If I had to choose which area of my game has most improved over the past year or two, it would definitely be preparing for tournaments and using my time more effectively. Once I noticed some recurring patterns in my own testing process that hindered my performance at tournaments, I also noticed that many other players seemed to be making those same mistakes.
But before I go any further on what you should and shouldn’t be doing, I’m going to tell you a story of how I used to prepare for tournaments. A story of how a lot of players still do it. It actually bears a strong resemblance to the testing process of one of my friends for the most recent Mythic Championship in London.
So let’s begin……
The Conventional Adjustment Method
30 DAYS BEFORE THE TOURNAMENT
The Important Tournament is coming up, and I’m feeling good. This time, unlike many other times in the past, I’m going to practice well for it. There’s still plenty of time to find the mythical Best Deck, and hopefully even the Best Version of it. Our team just needs to test all the different decks and find out which one has the best expected win rate against the metagame.
I start by playing some leagues on Magic Online with the level 1 decks of the format. They seem like solid, normal decks, but nothing special. Most people already know how to play against those decks and are prepared with sideboard plans for those matchups. Some of those plans are, uh, “creative”, and not necessarily the most effective ones. Nonetheless, everybody has one so you’re not catching anyone off guard. They’re trying to beat your deck and by the end of the week, it seems like their plans are working.
21 DAYS BEFORE THE TOURNAMENT
I’ve been talking with a teammate who says they have had really good results with a new homebrew deck. I’m intrigued and hopeful. Honestly, the deck looks a bit gimmicky and plays some funky cards that I don’t like, but the core seems like it should line up well against the most popular decks. I decide to give the deck a try and play some leagues with it.
The deck is definitely fun to play, and the core of the deck does indeed line up well against the most common archetypes. The problem is that the cards surrounding the core aren’t very good. When you draw your best cards the deck feels amazing, but when you draw more of the flex slots than the core cards, the deck feels like it’s lacking. It’s like playing Mono Blue Tempo in Standard when you don’t draw any 《Curious Obsession》 or 《Tempest Djinn》.
The Cool Deck has potential though, and maybe there are better options for the flex slots that we just haven’t found yet. Maybe the deck is a diamond in the rough, and with the careful tuning, we might be able to fix some of the problems. In the back of our minds, we can already see the deck tech videos, the Twitter posts, the top 8 profiles and the trophy shots.
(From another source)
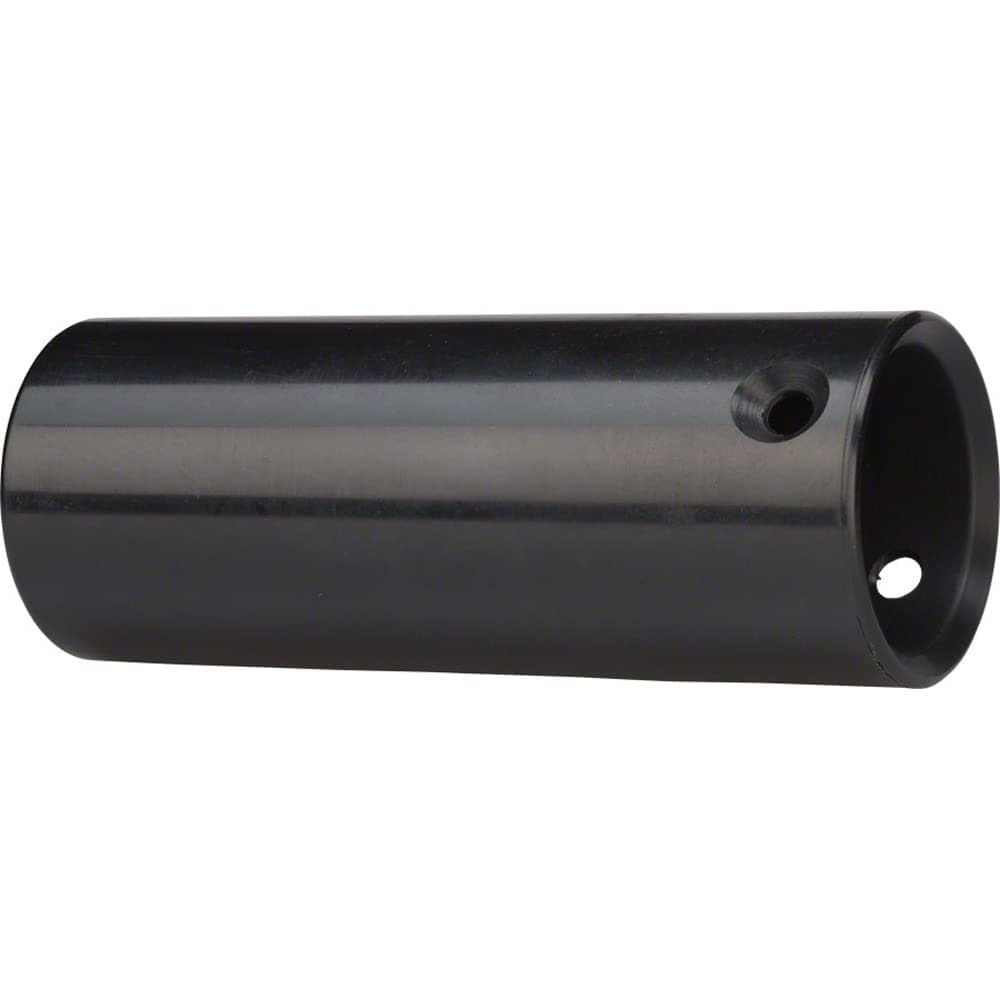 Mutant Bikes Peguard Plastice/ Nylon Replacement Sleeve and Fixing Bolts Black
We just need to find the missing pieces to make the deck work, and then we’ll be famous deck builders who date swimsuit models, drive Ferraris and play with foiled out Legacy decks.
14 DAYS BEFORE THE TOURNAMENT
I check out the results from a midsized tournament in the US. The winner played a Classic Midrange deck. It looks boring and unimaginative as if someone had just scoured through their trade binder and picked up all the most expensive rares and mythics in those colors, with the only exceptions being some cheap uncommon removal spells and 4 《Duress》 in the sideboard to “fix” the control matchup. Even though the deck doesn’t excite me in any way, I have been working on the Cool Deck so much lately that I need a change of pace for just a league or two.
I had almost forgotten how nice it is to have a game against everyone, and how easy winning can be when you just cast high quality cards one after another, even if they don’t have any particular synergies. After a couple leagues of playing Classic Midrange, I try to go back to playing the Cool Deck. After a dozen matches, I slowly start to realize the truth that I had tried so hard not to see.
Despite our efforts, The Cool Deck would never be good enough. It’s inconsistent, the cards aren’t powerful on their own, the old decks-to-beat have become more streamlined and resilient, there aren’t enough sideboard slots to cover all the bases, and there are a couple of new decks that attack it from an angle that it can’t reasonably interact with. The metagame has moved on.
I play a bit more with Classic Midrange. It’s the textbook 50-50 deck. Always an okay choice, but never a great one, and requires an unrealistically accurate metagame prediction to be a good one.
7 DAYS BEFORE THE TOURNAMENT
A Grand Prix has been held in Japan during the previous weekend. This time the winning deck has some crazy card choices that defy all the rules of traditional western deckbuilding. I love it! I immediately buy the missing cards on Magic Online and go play a few leagues, finishing 4-1, 5-0 and 4-1.
The deck feels smooth and well positioned in the metagame. I’m not sure how I should be sideboarding in certain matchups, and some of the numbers seem a bit off, but those problems are easy to fix.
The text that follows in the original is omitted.